Top Albany drug cop Berry announces retirement
Jim West
ALBANY — Major Bill Berry, commander of the Albany-Dougherty Drug Unit has announced his retirement from the agency, effective June 26, saying it was “time to make a change.”
“After 40 years in law enforcement, I’m hanging up my six-shooter,” Berry said on Tuesday. “My wife and I are headed back to Macon where we met and where we raised our family.”
According to Berry, he’ll keep a hand in law enforcement, though, including some instructing at the Georgia Public Safety Training Center in Forsyth.
Berry, 63, said he’d thought of becoming a firefighter years ago like his father, but decided instead to be “his own man.”
“It occurred to me too, that firefighters have a dangerous job,” Berry said. “They have to run inside burning buildings.”
Considering that Berry’s first assignment in law enforcement, as a young man fresh from the academy, was to purchase illegal drugs in an undercover operation, the comment seems tongue in cheek.

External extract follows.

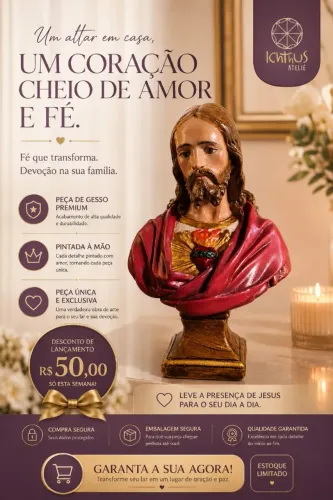 Busto Sagrado Coração De Jesus 26cm Arte Sacra Católica - Pronta Entrega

“I graduated on a Friday and on Sunday afternoon I bought about $2,000 worth of heroin,” Berry said. “I had no idea what heroin was or what it looked like.”
Berry served two stints at the ADDU, he said, the first from 1997 until 2005 when he left to serve as coordinator for the Regional Counterdrug Training Academy in Meridian Miss, and then again from 2009 until his final day in June.
Capt. Eddie Jones with the Albany Police Department will act as interim commander until a permanent commander is selected, Berry said.
According to Berry, a final decision for the position will be made by a five-person board consisting of Dougherty County Sheriff Kevin Sproul, Dougherty County District Attorney Greg Edwards, City Attorney Nathan Davis, Dougherty County Police Chief Jackie Battle and Albany Police Chief John Proctor or his successor.